→ EXERCISE
Starting at the first line of the records and stopping at the line that contains "Benosen Milk Flavor", transcribe every line exactly and leave out the pictures.
=== EXERCISE MATERIAL ===
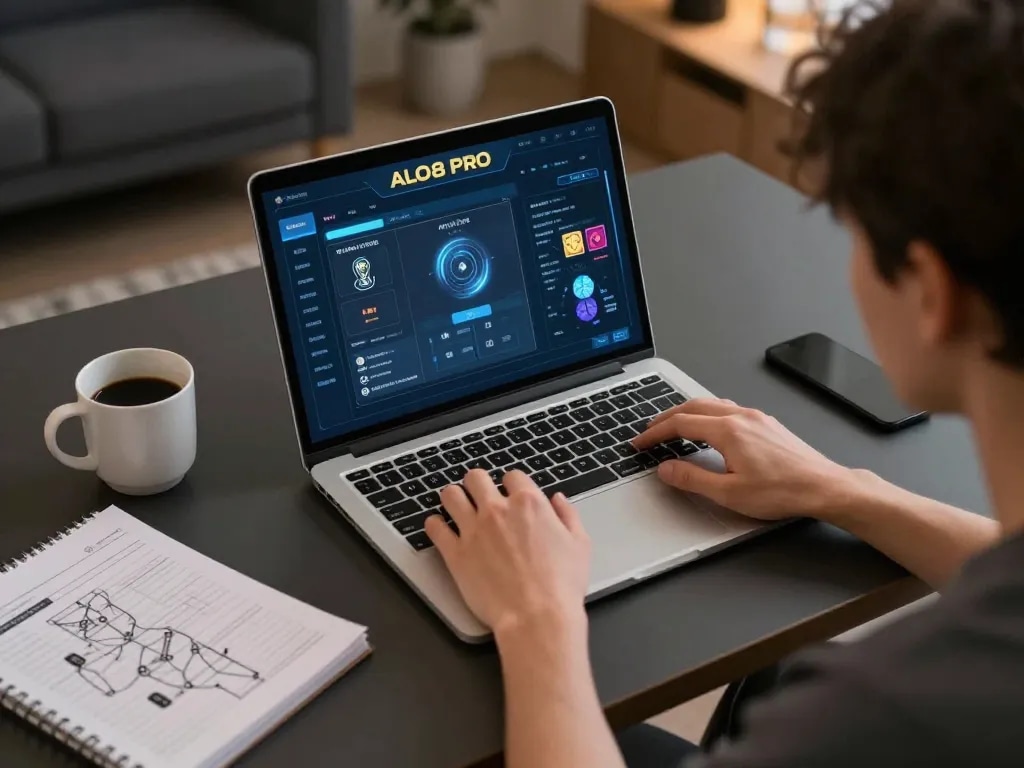Player strategizing at ALO8 PRO online casino, enjoying a comfortable home setup.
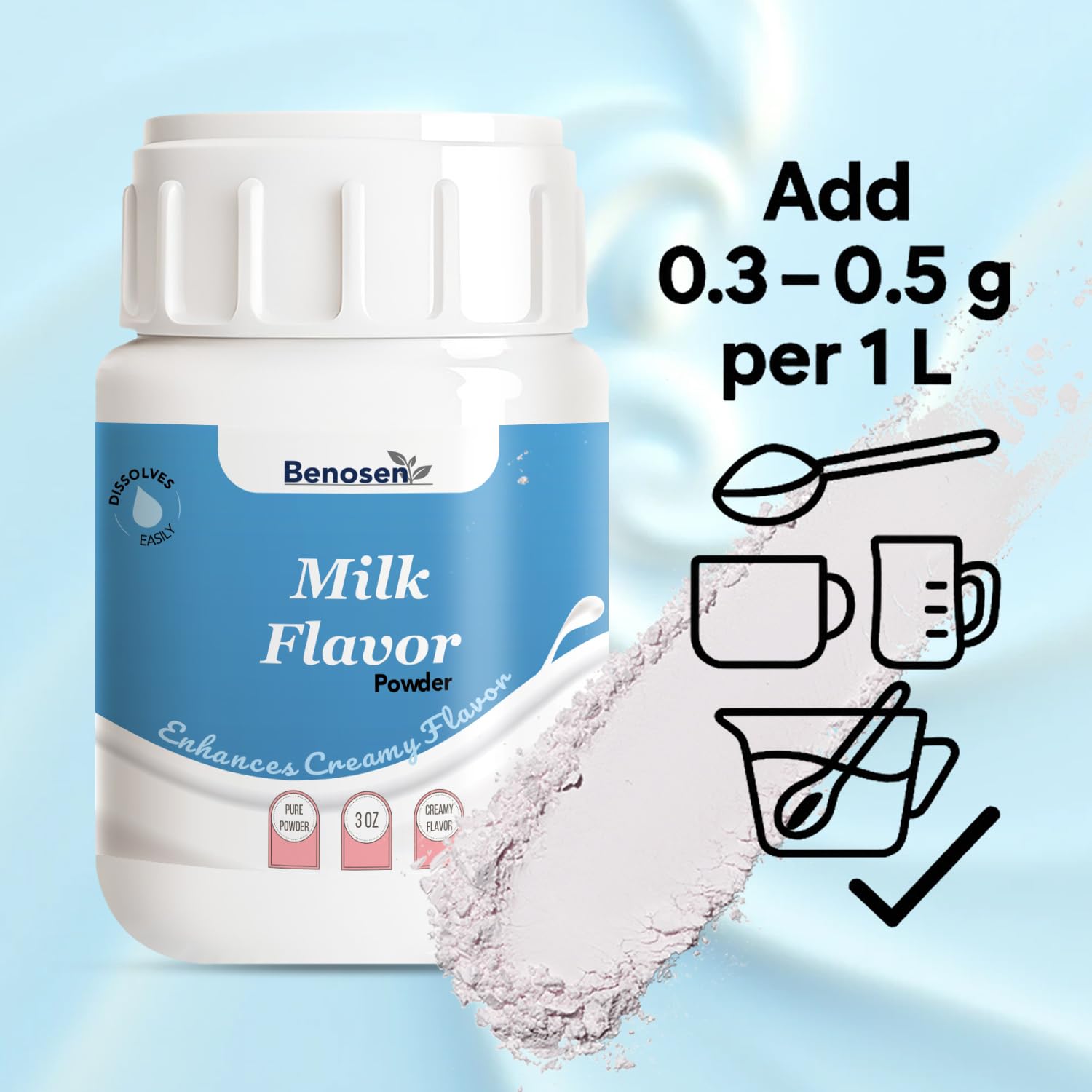 Benosen Milk Flavor Powder, Vegan Non-Dairy Dairy-Like Flavoring for Baking Coffee Milk Tea & Desserts, Food-Grade, Allergen-Free, Long Shelf Life, 3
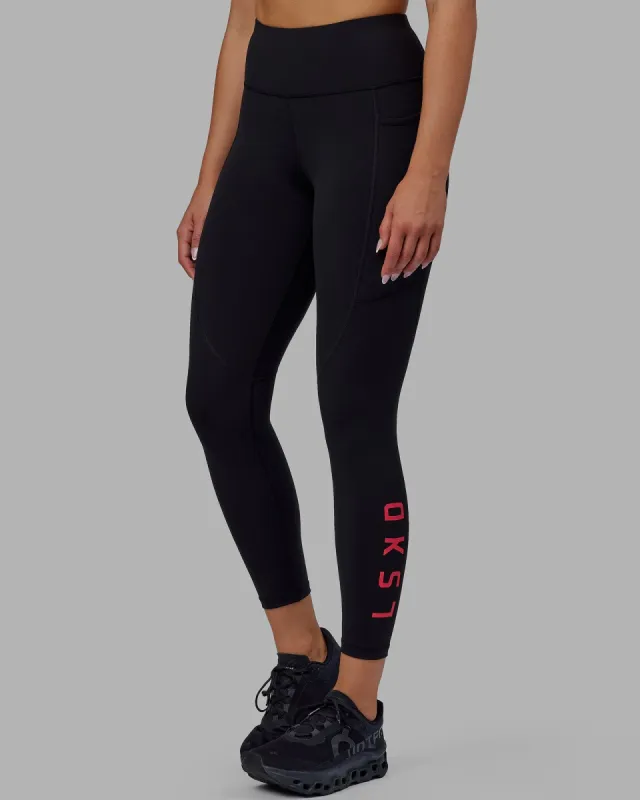 Rep 7/8 Length Tights - Black-Raspberry sold by LSKD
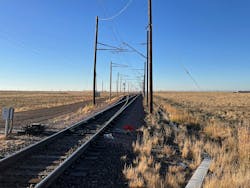 Overview of the TTC’s Rail Transit Track (RTT) overhead wire infrastructure used for testing and research. Overview of the TTC’s Rail Transit Track (RTT) overhead wire infrastructure used for testing and research.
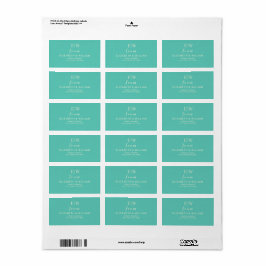 Elegante Eenvoudige Aquatische Awe met Monogram Hu Etiket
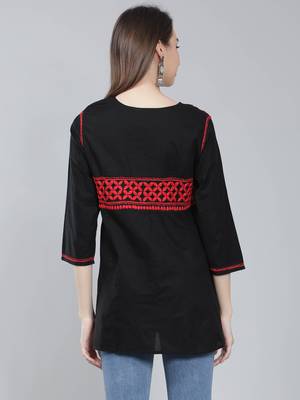 Black embroidered cotton chikankari-kurtis 4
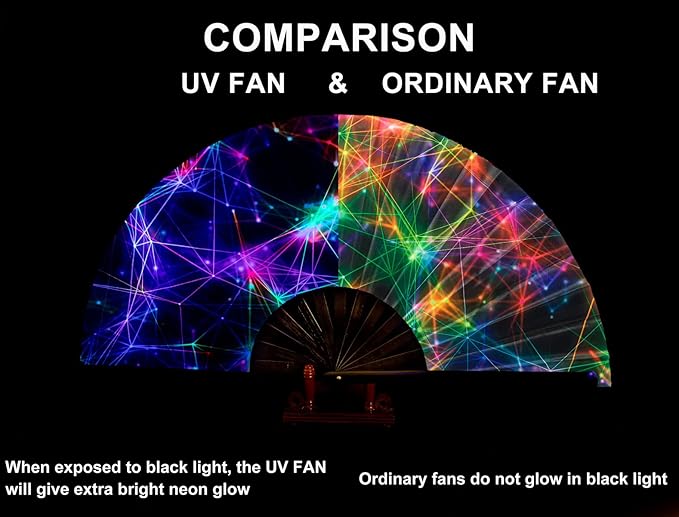Amajiji Rave Folding Hand Fan Popping Fans - Image 5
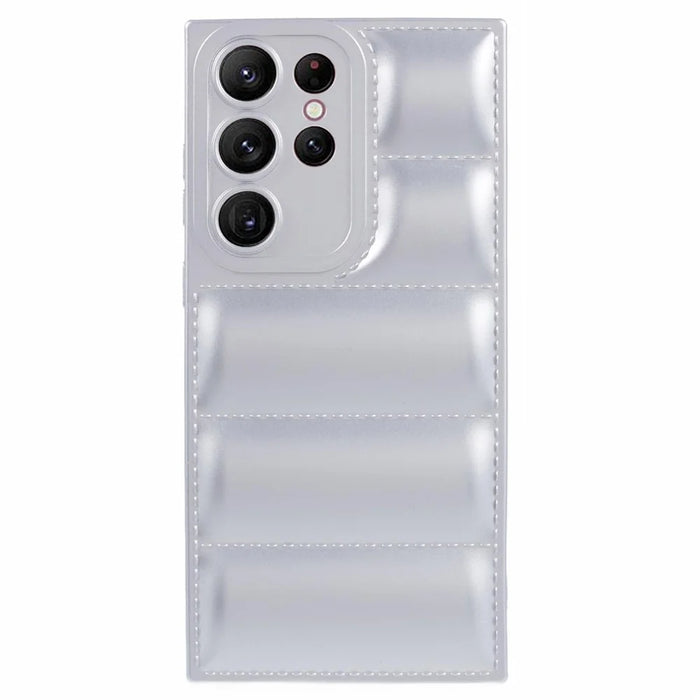 JTW Series For Samsung Galaxy S22 Ultra 5G TPU Cover Down Jacket Design Phone Case - Silver - 1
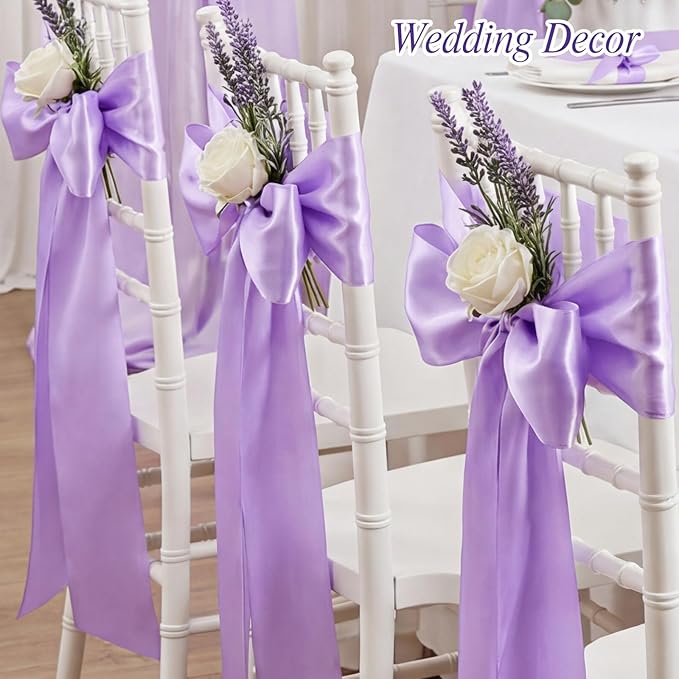 woric Light Purple Ribbon 1 1/2 Inch 50 Yards Solid Fabric Lavender Satin Ribbon for Mothers Day Flower Bouquet Gift Wrapping Wedding Party Vase Decorations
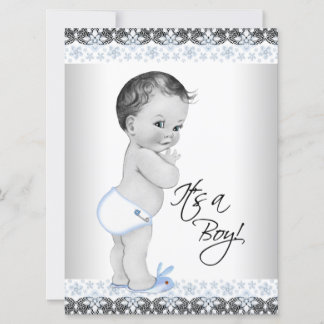 Blue and Grey Baby Boy Shower Invitation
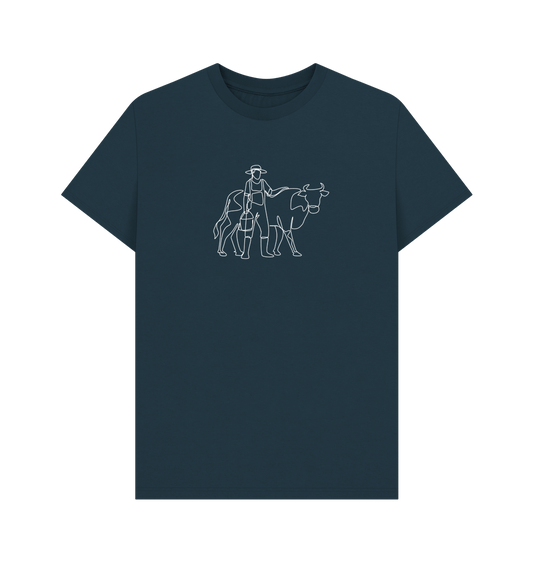 Denim Blue Men's Cow Organic Cotton Basic Tee (White)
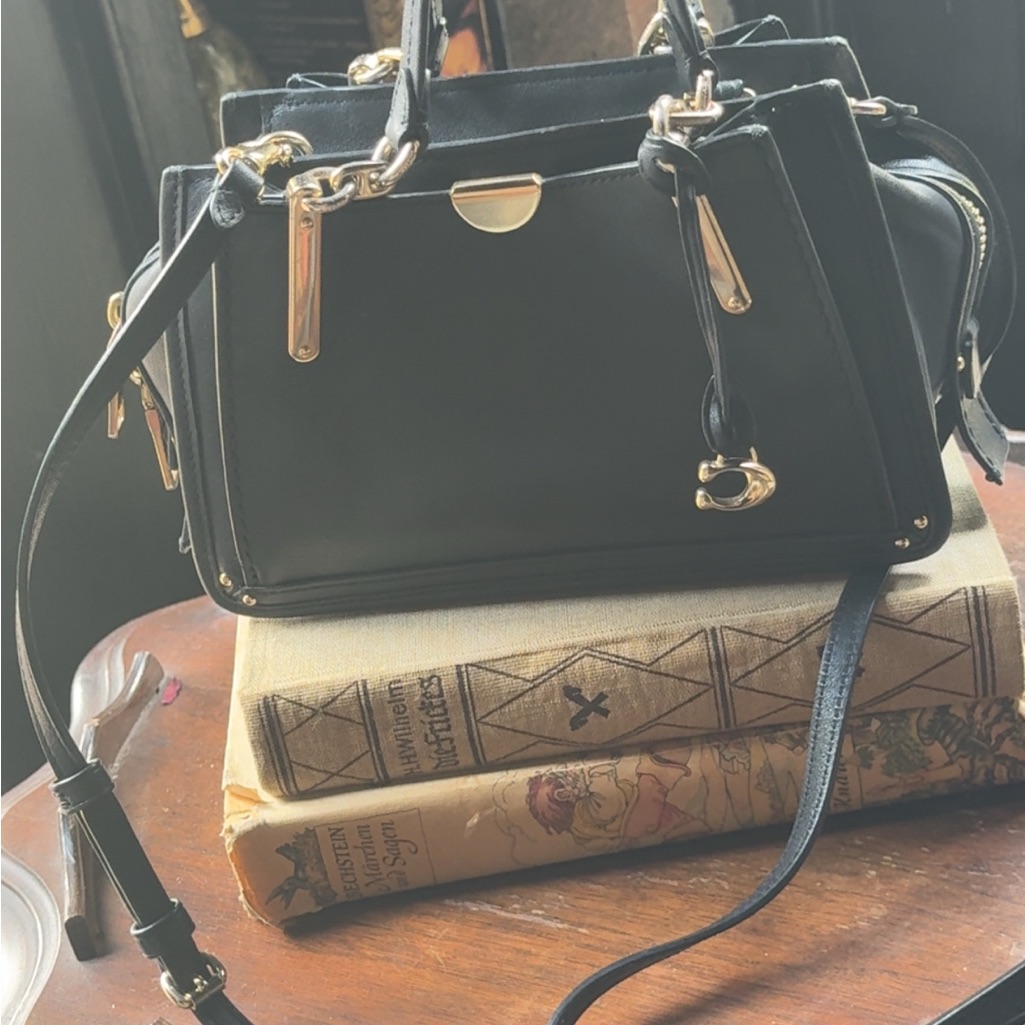 Vintage Coach Black Satchel With Gold Accents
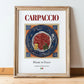 Carpaccio – Italian Meat Dish, Restaurant Poster, in wooden frame leaning on the floor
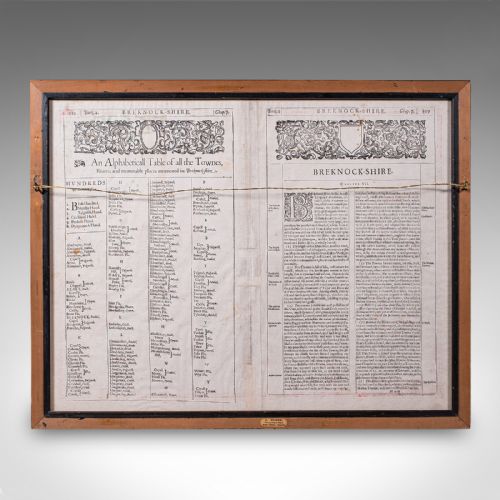 fig 2. A framed seventeenth-century hand-coloured map of Breconshire by John Speed set within a dark ebonised frame with a gilded inner rim.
===
→ TASK RESULT
Player strategizing at ALO8 PRO online casino, enjoying a comfortable home setup.
 Benosen Milk Flavor Powder, Vegan Non-Dairy Dairy-Like Flavoring for Baking Coffee Milk Tea & Desserts, Food-Grade, Allergen-Free, Long Shelf Life, 3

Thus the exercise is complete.